Weight up another 2lbs over weekend, some of it water, but hoping some of it muscle too.. Things are feeling good and back to normal atm after being ill. Training 6x per week and think that's helping me stay leaner this year too.

My back & chest are weakest body parts, so training them both twice per week. With my back training I'm doing 1x heavy AND high volume session and 1x giant & tri-set workout. Seems to be doing the trick as colleague last week said it was looking thicker through my shirt. Took a pic today which I'll upload below - got another 8-10 weeks left of adding size before I start dieting down for comp so would be great if I can add another 2-3lbs LEAN.

Anyways, workout was:

*Pulldowns,* 4 x 8

Superset with:

*Neutral Grip Rows* 4 x 8

*Cable Pullovers,* 3 x 12

*Prone DB Rows,* 3 x 10

*DB Shrugs,* 3 x 12

*Prone DB Shrugs,* 1 x FAILURE

*Rope Low Cable Rows,* 3 x 12

*Banded Hypers,* 3 x 15

View attachment 166568


----------



## ah24

Bodyweight creeping up nicely now.. Had a cold last few days which has been annoying as can't sleep properly.

Got most of my sessions in, though dropped yesterdays session as was feeling v run down (working 15 days in a row commuting into London, out the house 16 hours)..

During prep I just suck it up and grind them out, but in the off-season I prefer playing things by ear. If I don't feel 100% then I back off.. Currently training 6-7 days a week, so missing the odd session every 4 weeks ago is never too detrimental.

Food wise, since being ill the other week I was struggling to get my chicken meals down.

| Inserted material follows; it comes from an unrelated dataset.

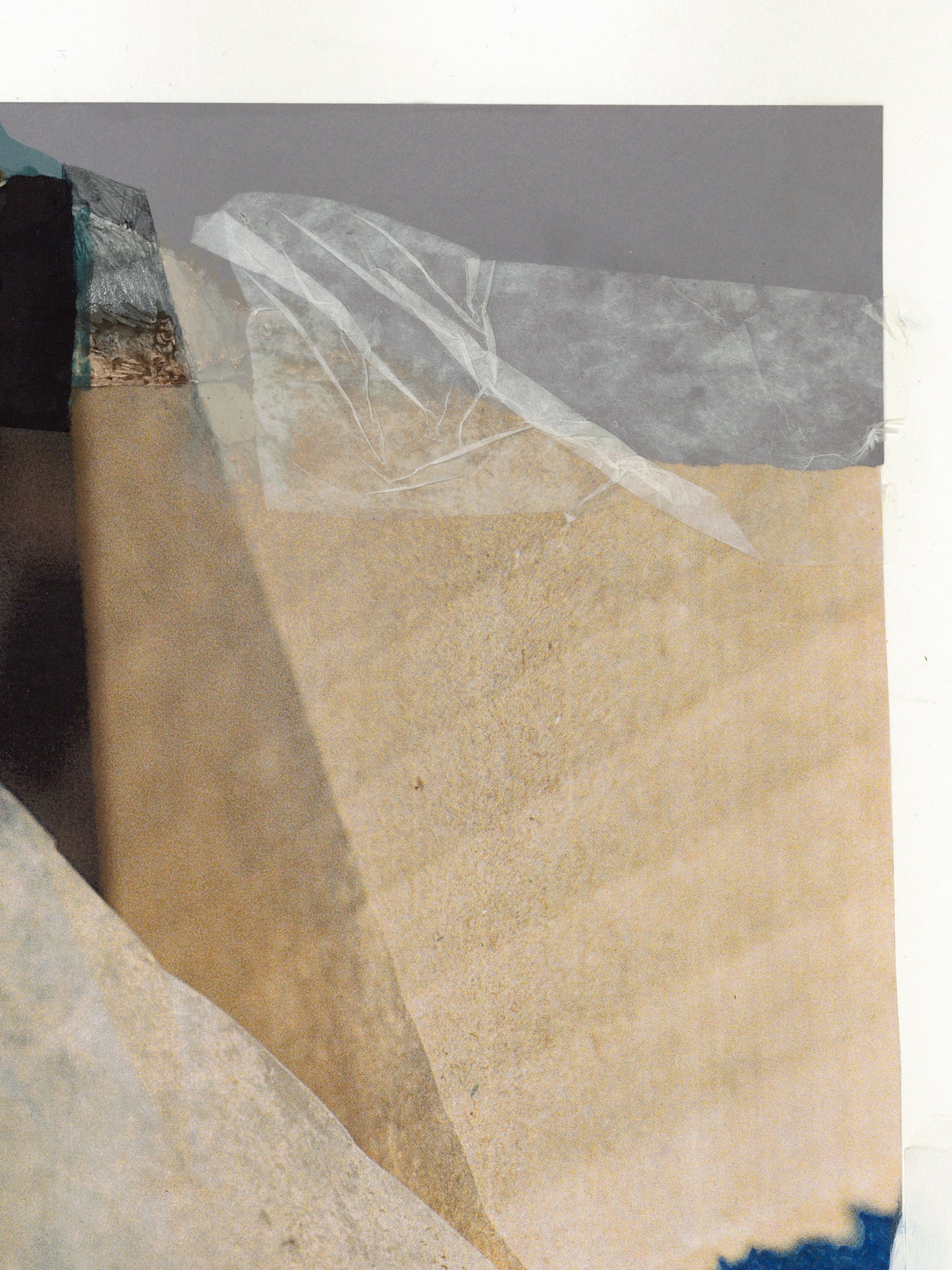Close-up of a textured painting with black, beige, and gray colors and white tissue paper.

So, I took the plunge and tried tilapia... F**k me it's easy to eat! I have it with rice and roasted veg - lovely! I supplement with 10g EAA with the meal though as think it has a poor leucine content from what I can remember..

Diet wise currently is:

*6am:*

3 Scoops Whey

20g Mixed Nuts

*8am:*

3 Scoops Whey

75g Oats

1tbsp PB

*10am:*

TRAIN + take INTRA-MD

*11.30am:*

3 Scoops Whey

1 Scoop Quad Carb

25g Oats

*12pm:*

220g Tilapia

50g Rice

1tbsp Almond Butter

*4pm:*

200g Chicken

50g Rice

1tbsp Almond Butter

*8pm:*

200g Steak

200g Sweet Potato

1tbsp Almond Butter

*10pm:*

500g Total Greek Yoghurt (full fat)

75g Oats or 50g Lucky Charms cereal


----------



## ah24

Must say, for those interested.. I'm very impressed with the Prime Nutrition's MAX-HP & the intra product.

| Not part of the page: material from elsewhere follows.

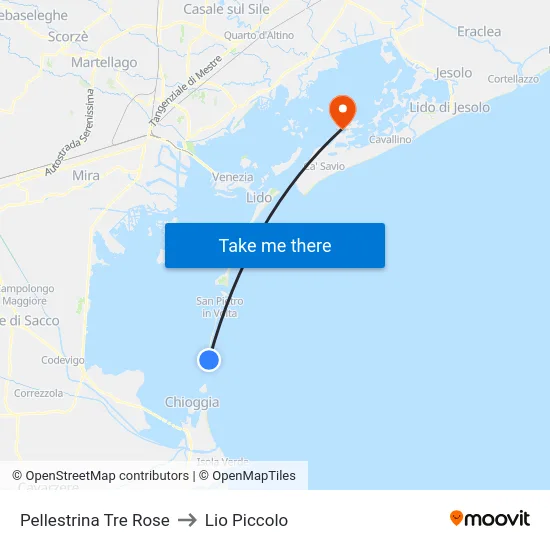 Pellestrina Tre Rose to Lio Piccolo map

No jittery effects or come downs from the pre workout.. But with 400mg caffeine, definitely picks me up for session. Also the agmatine & citrulline are giving a great pump.

Having used glycofuse etc in the past, I'm preferring the intra-md as it's not so sickly. Very lightly flavoured and doesn't need as much water added 

Did back giant set + tri-set today.. Felt v good. No elbow issues, lats and rear delts were on fire at the end so was productive!


----------



## DarthMaulscle

How the hell have i never seen your thread on here before haha!?


----------



## ah24

DarthMaulscle said:


> How the hell have i never seen your thread on here before haha!?

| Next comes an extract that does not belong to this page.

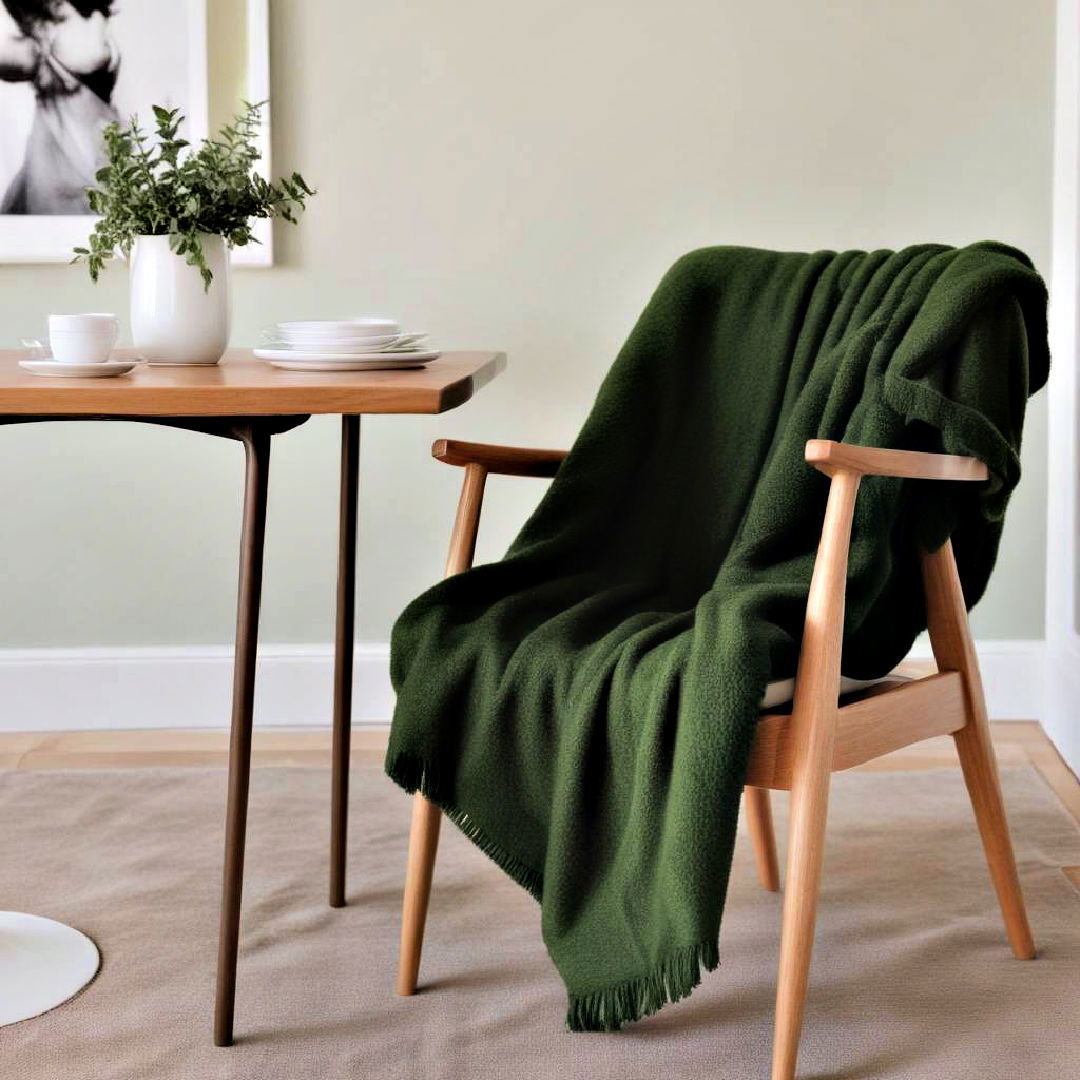 cozy green blanket over dining chair - 40 Green Dining Room Ideas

Probably because I'm bloody useless at updating it! :lol:

I'll update again either this eve or tomorrow..

As a message to anyone who lurks / reads and doesn't comment... Feel free to ask me questions on things or hows / whys etc - it makes it more interesting from me, and the whole point of this log really is hopefully for people to pick some new info up from


----------



## ah24

UPDATE:

So, Friday was official weigh in day and was a lb up.. Happy with that.. Over the weekend I put another lb on, but I'm pretty sure this is water (hoping so actually..) so, back on typical foods etc and expect that to drop off by tomorrow or Weds. V happy with how things are looking for off-season. Leanest and biggest I've been. Couple of photos I took the other day:

View attachment 167026
View attachment 167027


Slight separation in quads as well as visible abs/obliques. V happy I've kept so 'on it' with my nutrition this time round.. Will make dieting A LOT easier!

Was on my Sports Massage course over the weekend.. Food was pretty damn good, just had a Nandos with the guys on course for lunch on the Sat and then a roast dinner last night that were 'off plan'

Today was back:

*1 Arm DB Rows,* 4 x 8 heavy... then 1 x FAILURE (think I got 13-14 reps.. this was v tough)

*Single Arm Pulldowns,* 4 x 10

*Rack Deads,* 5 x 5

*Seated Cable Rows W/ Rope Attachment,* 3 x 12

*Seated DB Shrugs,* 4 x 12 (W/ 3sec ISO's)

*HyperExtensions,* 3 x 20/18/16

DONE!


----------



## ah24

V short workout today but got a pretty pump..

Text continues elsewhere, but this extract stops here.